Scroll Top

You are currently viewing the website in language EN. For additional fact-checks and content pertaining to other communities, please use the flag icons to switch languages.

Posts mislead on solar farms’ climate impact

Posts mislead on solar farms' climate impact - Featured image

Author(s): Gwen Roley / AFP Canada

Energy radiating off solar panels can cause slight temperature changes in a limited area, but posts circulating on social media claim this phenomenon will lead to extreme weather events. This is misleading; scientists say these fluctuations are comparable to those generated in urban areas, and solar farms have not been linked to severe climatic conditions.

“Solar farms will become thunderstorm and tornado incubators and magnets,” says the text of a December 25, 2023 Facebook post.

The post points to Canada’s largest solar energy farms in the province of Alberta, claiming that the renewable source of power radiates the majority of the heat from the sun — raising the temperature and creating extreme weather events such as thunderstorms.

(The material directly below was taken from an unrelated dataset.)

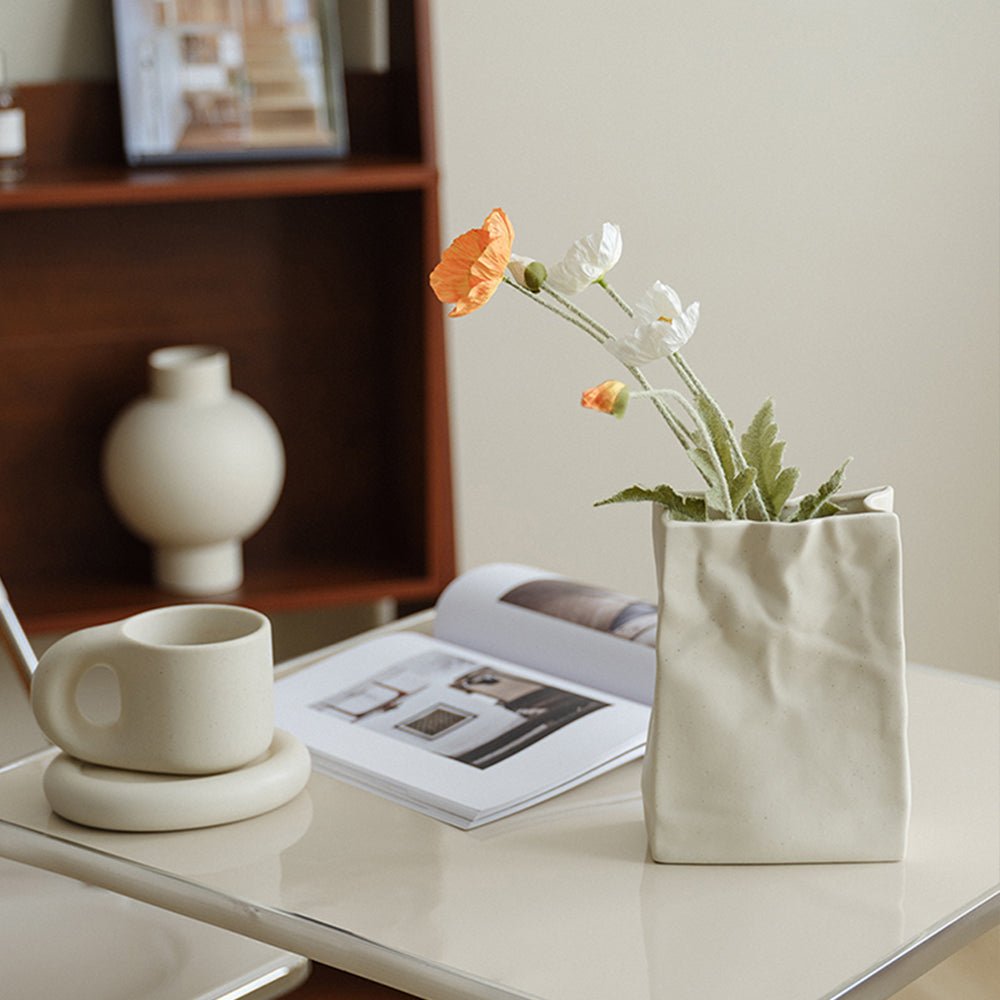 8" Cream Color Paper Bag Shaped Ceramic Vase - Tiny Porcelain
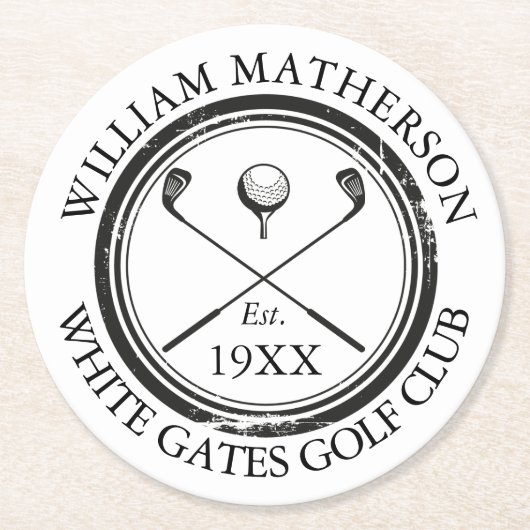 Dessous-de-verre Rond En Papier Personalized Classic Golf Club Name (Devant)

The text of the publication is purportedly copied from “Stephenville resident, George Franklin” who is said to be “a literal rocket scientist.” But AFP found no publications related to solar energy under that name.

Nearly identical blocks of text claiming solar panels cause extreme weather appear to have circulated online and in text chains since at least August 2022, and variations have been published on LinkedIn, Facebook, Instagram and X, formerly known as Twitter.

Screenshot of a Facebook post, taken January 17, 2024
Screenshot of an X post, taken January 17, 2024

Research has found that solar farms can cause temperatures to fluctuate locally by a few degrees because energy that is not absorbed to become electricity is radiated by the pane to the surrounding area (archived here).

Additional modeling showed possible impacts on global weather patterns if large-scale solar farms — for example panels across 20 percent of the Sahara Desert (700,000 square miles or 181 million hectares) — were installed (archived here).

However, the largest solar farm (archived here) in Canada measures about five square miles or 1,335 hectares.

Aixue Hu, a researcher at the National Center for Atmospheric Research in the United States, said the temperature changes caused by solar panels at this scale would not be large enough to cause severe weather events such as thunderstorms or tornadoes.

“These impacts should be very small because the area that the solar farm covers, roughly speaking, is pretty small,” Hu said.

Screenshot of an Instagram post, taken January 17, 2024

Hu also said that the location of the solar panels influences the temperature impacts, pointing to his findings that panels in forested or grassy areas could have a cooling effect.

Urban heat islands

Hu said his research found that the impact of solar farms of this size is comparable to that of a medium-sized city and can create an effect similar to an “urban heat island” (archived here).

Peter Crank, a geographer and climatologist at the University of Waterloo, said the urban heat island effect is typically seen when the excess energy from a city’s consumption causes temperatures to rise locally by several degrees.

Graphic on the urban heat island effect which can raise temperatures in cities – AFP

He said this extra energy has some influence on the path a weather system might take and could raise precipitation levels, but they do not impact the occurrence of extreme meteorological events.

“We would not expect to see that happening then from just having a solar field built in the plains of Alberta,” he said.

Crank said Alberta’s climate is dry and sunny, but relatively cooler than other places, meaning the impact would be lower than having a group of solar panels in a desert. He said the impact of solar farms could be greater during a heatwave — as is the case with urban heat islands.

“Certainly, in those hottest days in Alberta one to two degrees Celsius warmer is going to have some uncomfortable impacts,” he said.

Both Hu and Crank said that while no current evidence points to severe weather outcomes from solar farms, the impact of projects remains under study. The researchers agreed that using solar panels as an alternative energy source poses less of a risk of climate change than burning fossil fuels.

Climate change risks

There is a broad consensus among climate researchers that human activities, in particular burning fossil fuels, are causing temperatures to rise (archived here).

Hu said that the burning of fossil fuels could raise global temperatures to a point humans have never experienced before while the impact of solar farms would be much smaller.

“In general, we use solar panels to generate the energy we need in a much better way than just using fossil fuels,” he said.